**Data items:**
____________
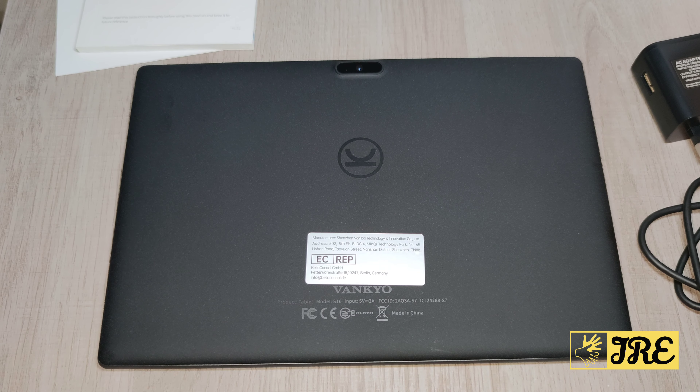Hello everyone. In this video I'll be reviewing this Android tablet by a brand called Avancure, the MatrixPad model S10. It's a 10 inch Android tablet.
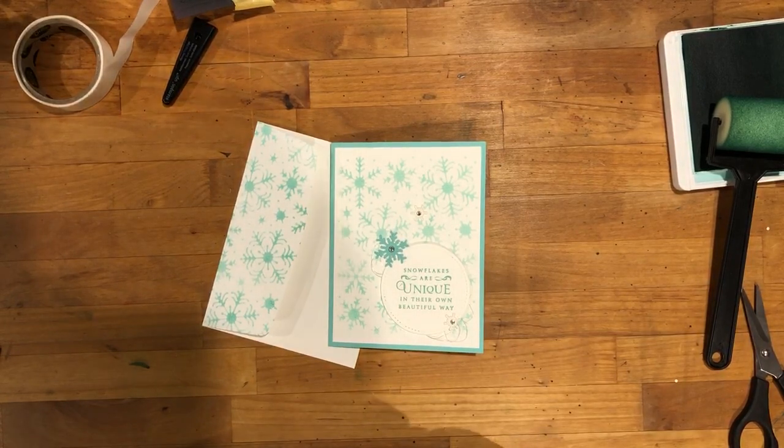Thanks so much for watching. If you're looking for more inspiration, feel free to click subscribe to my YouTube channel. You can also visit me on my blog at stamptreasures.com. I will link all of the supplies in the comments below. If you're Canadian and you don't have a Stampin' Up! demonstrator, I'd love for you to shop online from me. Thanks so much for watching.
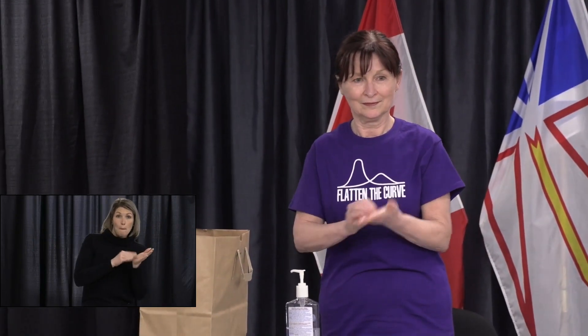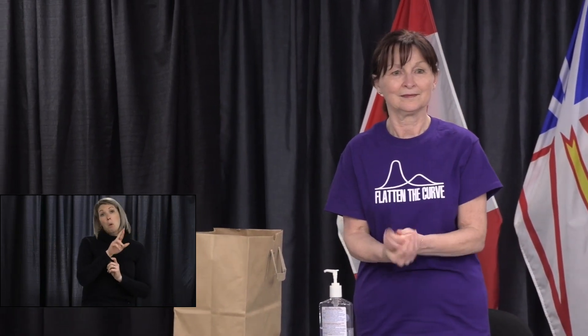As the Premier said, we have enlisted the help of Brenda Earls, an infection prevention and control registered nurse specialist and a valued member of our public health team at the Department of Health and Community Services. Before you put on your cloth mask, make sure you clean your hands either with soap and water for 20 seconds, or you can use an alcohol-based hand sanitizer as Brenda is doing.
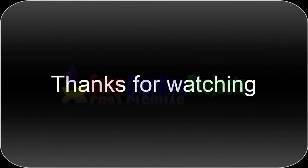If you like our videos, please tell us in the comments and don't forget to subscribe to our channel.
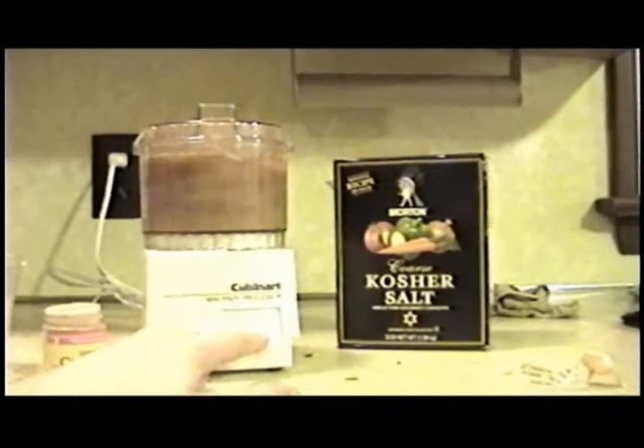That's what gives it that jerk shrimp flavor. Put a lid on the marinade — doesn't have to sit long, dude. Just turn the blades on high and process till smooth.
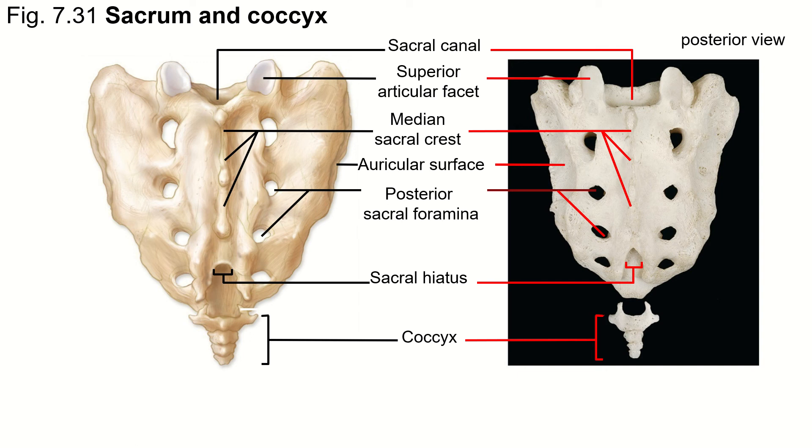It's Professor Gould again, and in this section we are going to talk about the markings on the sacrum and the coccyx. The coccyx doesn't have much to offer — it's four or five little bones to work with. The sacrum, on the other hand, has a bunch of markings that we need to know.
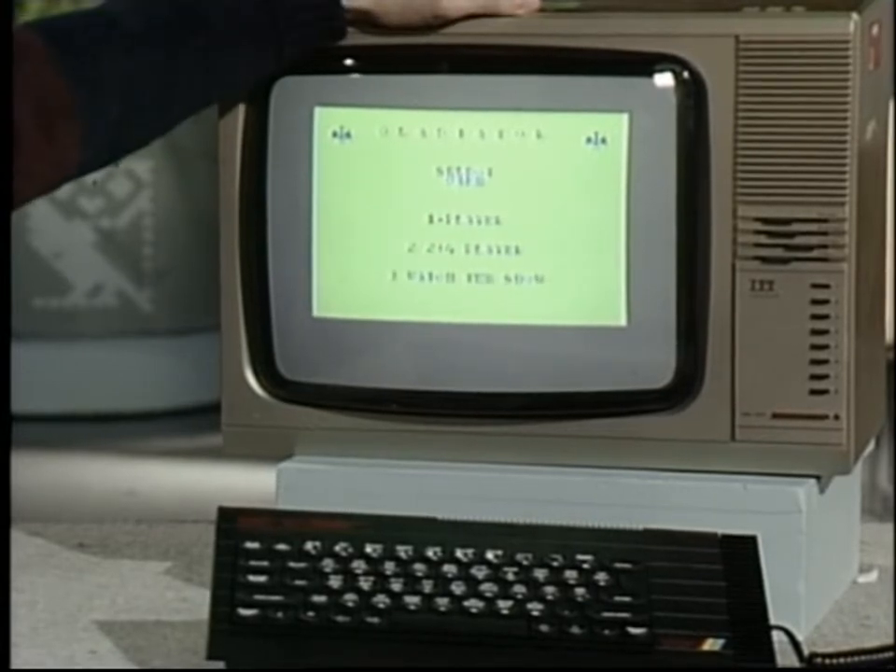It uses a standard three-channel sound chip. And already, the cynics are saying that at last, the Spectrum has the sound capabilities of the long-dead Oric. However, it is a big improvement on the inaudible old beep.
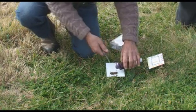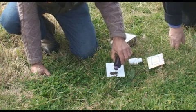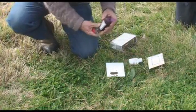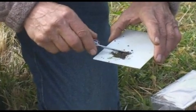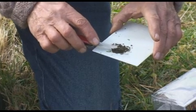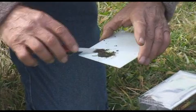Add a few drops of this buffer to the soil on the plate. The idea is to make a paste — you might need five or six drops, and you just want to mix it up until it forms a paste. If you put too much buffer on, just add a bit more soil. Mix it up.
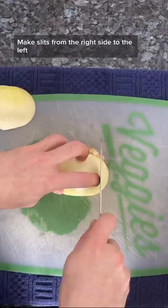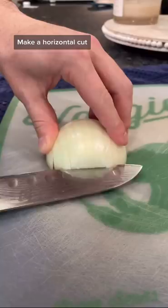Make slits from the right side all the way to the left, then make a horizontal cut and start dicing. If you want, you can cut off the other end and slice from right all the way to the left. Easy as pie!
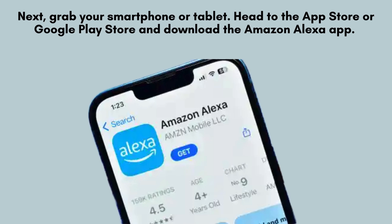Next, take your smartphone or tablet and open the App Store or Google Play Store. Search for and download the Amazon Alexa app. If you already have the app installed, ensure it's updated to the latest version for the best setup experience.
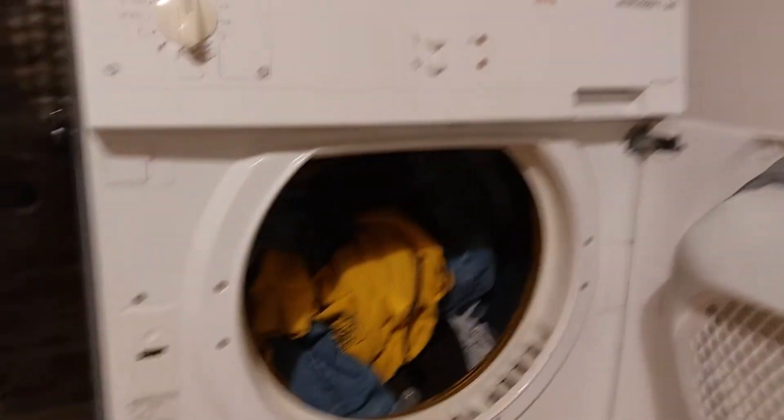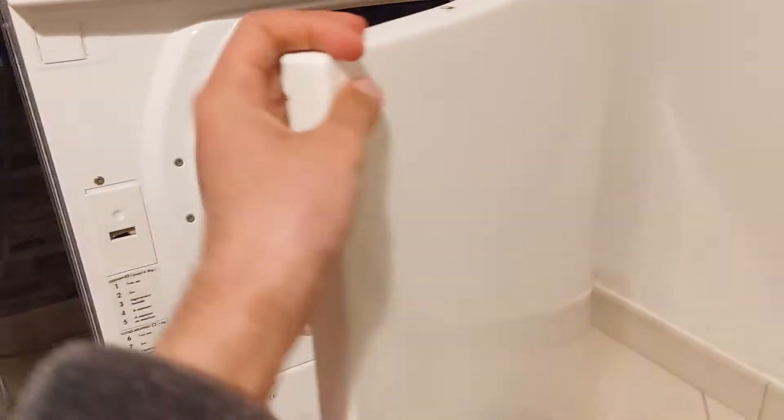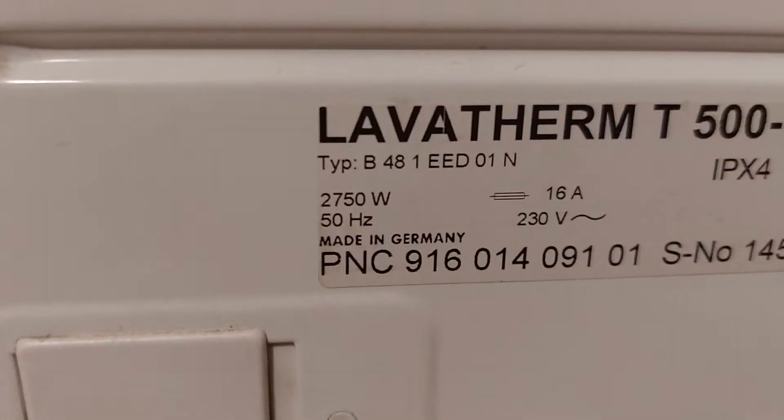Also, a heat pump dryer doesn't waste a lot of energy like this thing. Bear in mind, this just wastes 2750 watts.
____________
**Try it:**
All that should appear in the answer is the lines above from the line with "If you like" through the line with "That's what gives", retyped exactly, pictures left out.

**Reply:**
If you like our videos, please tell us in the comments and don't forget to subscribe to our channel.
That's what gives it that jerk shrimp flavor. Put a lid on the marinade — doesn't have to sit long, dude. Just turn the blades on high and process till smooth.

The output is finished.